Wie über die Kriegsgefangenschaft ihres Vaters, werde in vielen Familien aus Traurigkeit und Schmerz auch kaum noch über die Vertreibung aus Schlesien gesprochen, meint Renate Müller. Deshalb schätzt sie es besonders, dass sie sich bis heute mit ihren Schwestern über ihr Schicksal austauschen kann. Seit ihrer Vertreibung 1946 ist sie bereits dreimal in ihre Heimat zurückgereist.
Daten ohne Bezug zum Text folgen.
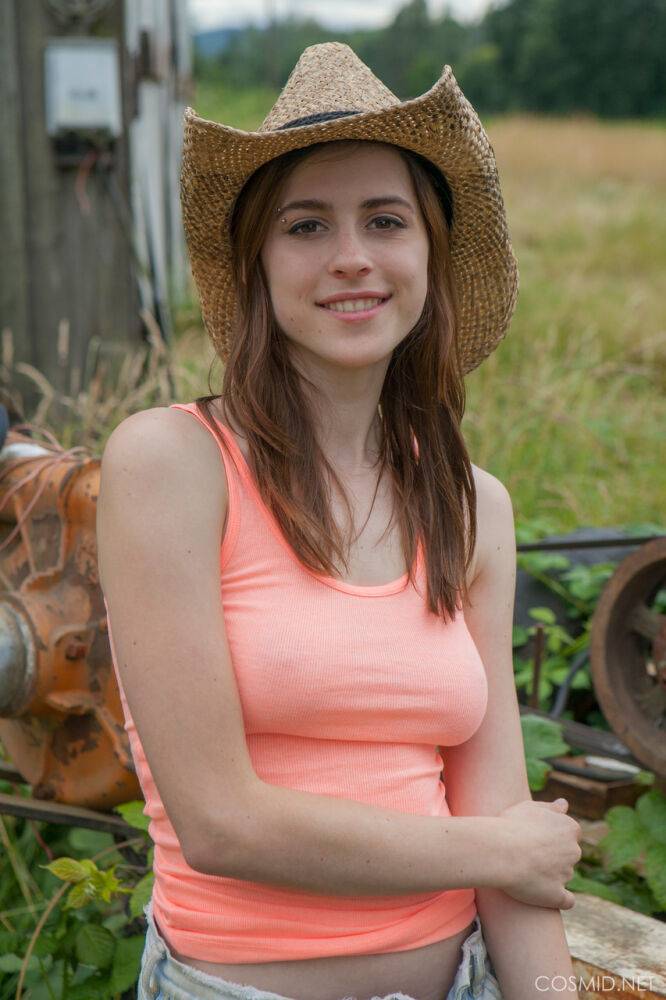 Redhead amateur Eva Green touts her fat ass in front of a box car in straw hat - #5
Dabei sei sie „durch die Strasse gegangen, in der wir gewohnt haben» und war überrascht, als der in ihrer Erinnerung riesige Kachelofen in ihrer damaligen Wohnung, «doch gar nicht so gross war“.

Renate Müller bring viel Verständnis dafür auf, dass ihre eigenen Kinder eher wenig Interesse an ihrer Familiengeschichte zeigen – sie „leben [ja] in einer anderen Welt“, findet sie. Um so mehr freut es sie, dass besonders ihre Enkelin eine grosse Neugier für Renates Herkunft und Familiengeschichte entwickelt hat.

Bis heute bewegt es Renate Müller, über ihr Schicksal zu sprechen oder von Fluchterfahrungen anderer zu hören. Sie ist sich sicher: „Man fühlt anders, (…) wenn man etwas so erlebt hat oder in der Familie hatte“. Für sie ist es deshalb ein Herzensanliegen, ihre Geschichte zu teilen und so zur Aufarbeitung der Vergangenheit beizutragen und solche Schicksale künftig zu verhindern.